* _EXERCISE OBJECTIVE_
Word for word, restate the lines of the data below between those holding "Look at this!" and "However, make sure", inclusive; pictures do not belong in the copy.

* _DATASET EXCERPTS_
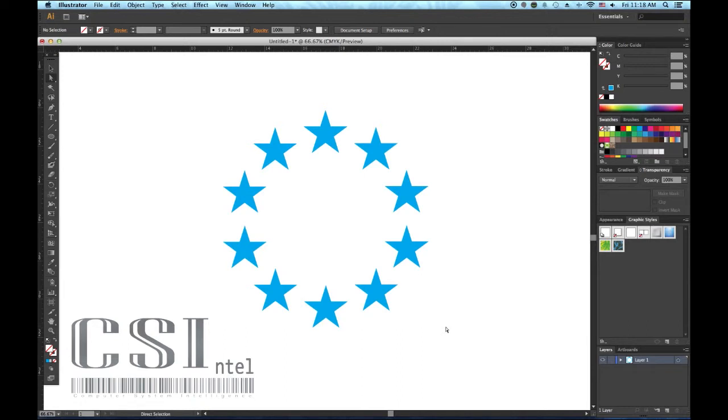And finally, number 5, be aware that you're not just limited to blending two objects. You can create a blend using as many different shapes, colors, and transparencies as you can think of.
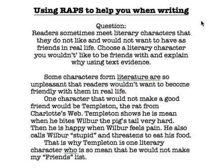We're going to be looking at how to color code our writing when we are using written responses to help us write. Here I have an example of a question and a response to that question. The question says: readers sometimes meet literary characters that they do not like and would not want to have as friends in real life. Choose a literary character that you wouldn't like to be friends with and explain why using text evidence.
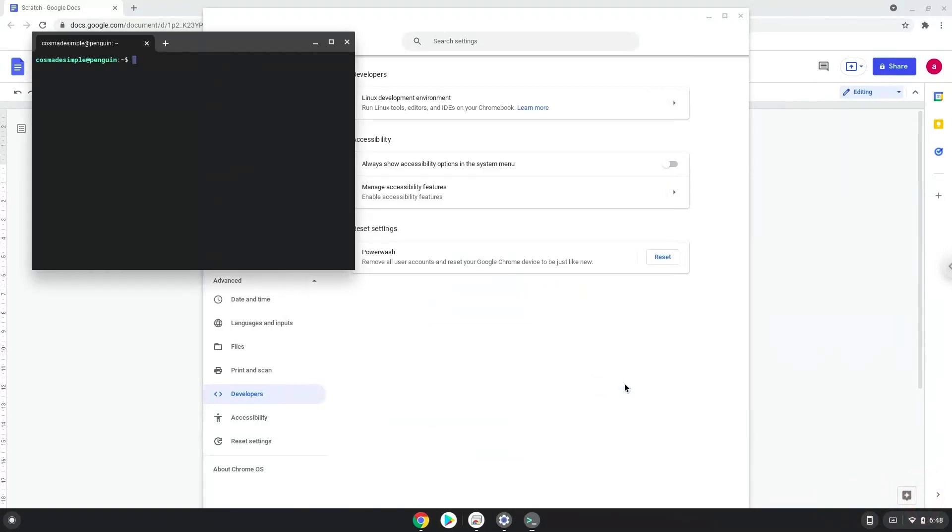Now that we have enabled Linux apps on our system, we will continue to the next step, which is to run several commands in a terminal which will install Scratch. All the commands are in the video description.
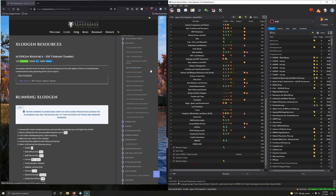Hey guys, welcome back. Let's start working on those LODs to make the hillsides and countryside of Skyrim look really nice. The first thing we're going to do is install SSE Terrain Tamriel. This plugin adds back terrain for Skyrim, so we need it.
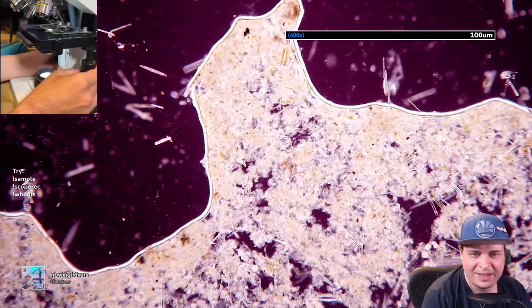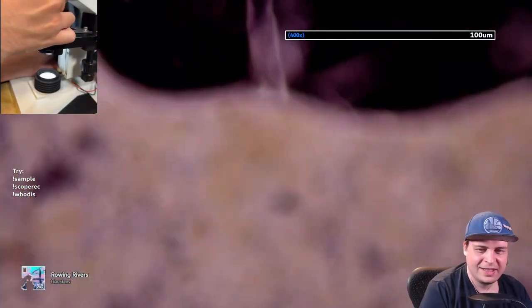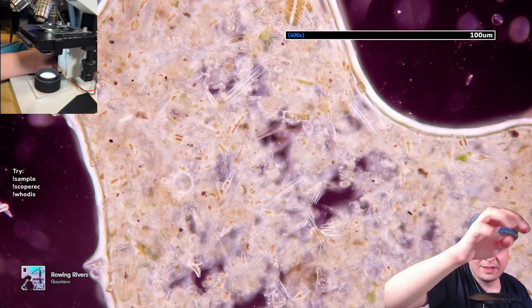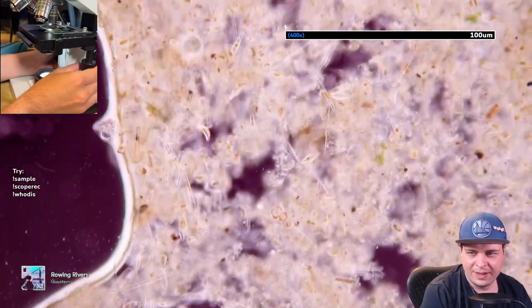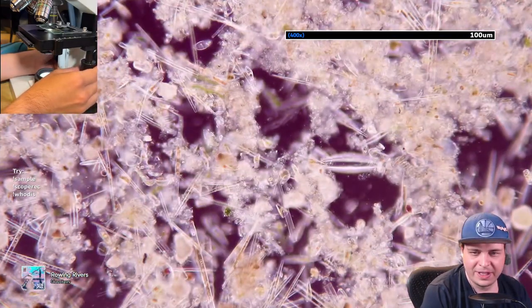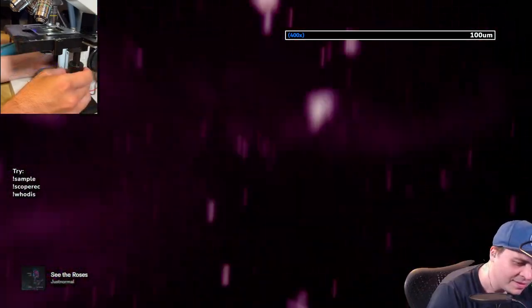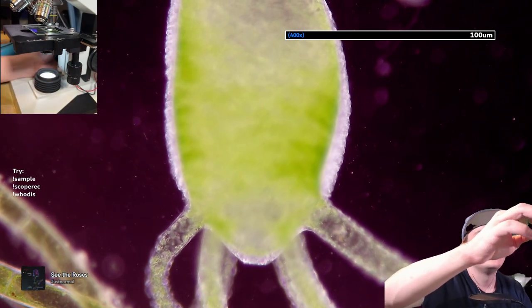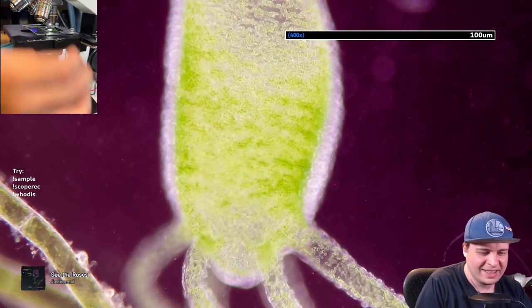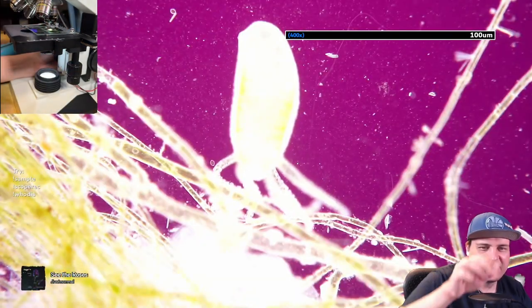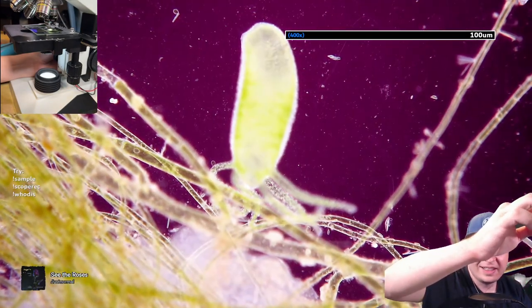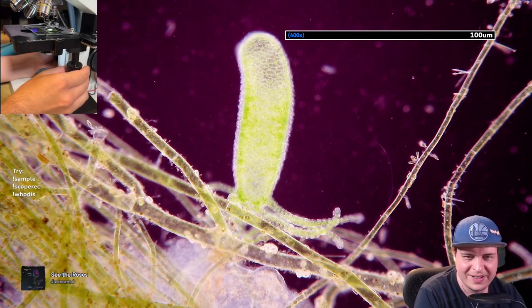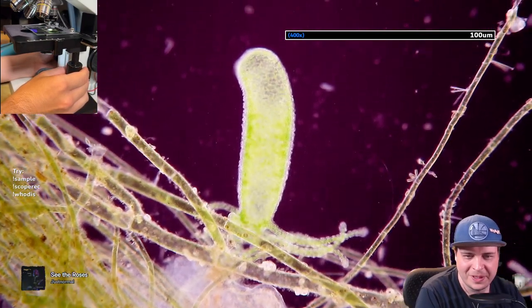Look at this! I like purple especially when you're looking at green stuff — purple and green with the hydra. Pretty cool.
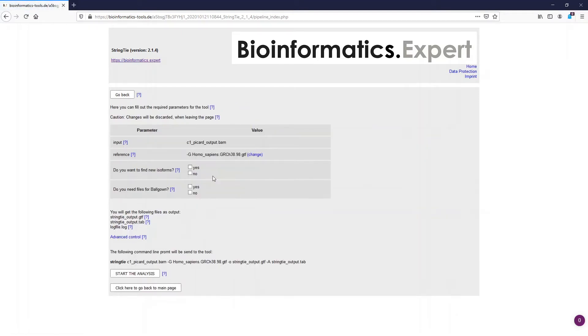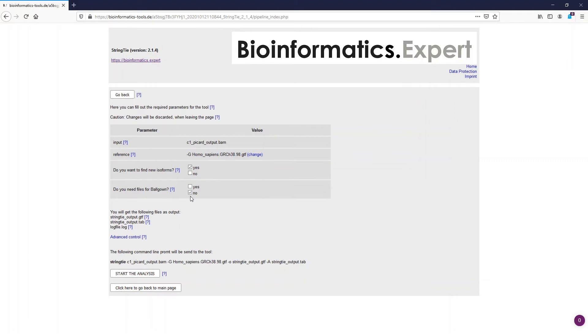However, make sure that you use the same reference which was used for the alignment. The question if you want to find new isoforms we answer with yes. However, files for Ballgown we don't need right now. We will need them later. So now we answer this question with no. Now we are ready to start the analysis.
---
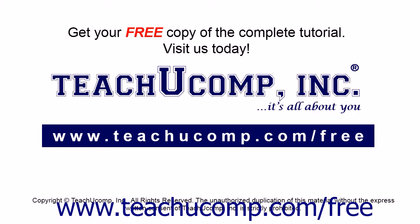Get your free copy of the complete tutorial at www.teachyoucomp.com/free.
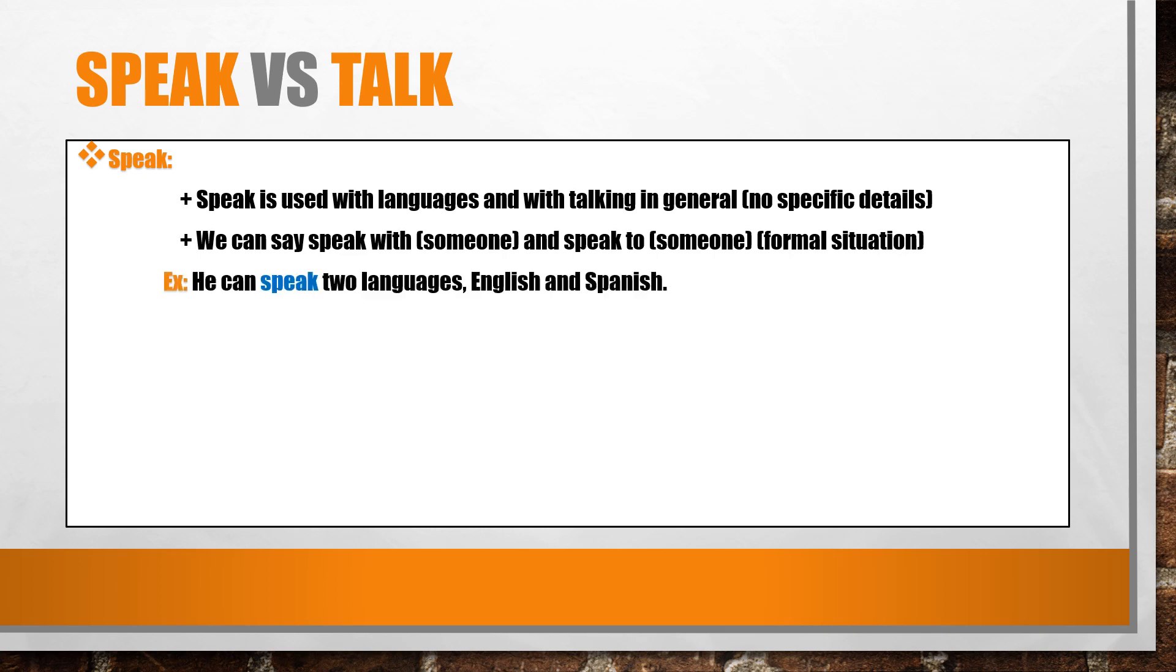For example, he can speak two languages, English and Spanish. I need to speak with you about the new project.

* _SOLUTION_
Look at this! I like purple especially when you're looking at green stuff — purple and green with the hydra. Pretty cool.
However, make sure that you use the same reference which was used for the alignment. The question if you want to find new isoforms we answer with yes. However, files for Ballgown we don't need right now. We will need them later. So now we answer this question with no. Now we are ready to start the analysis.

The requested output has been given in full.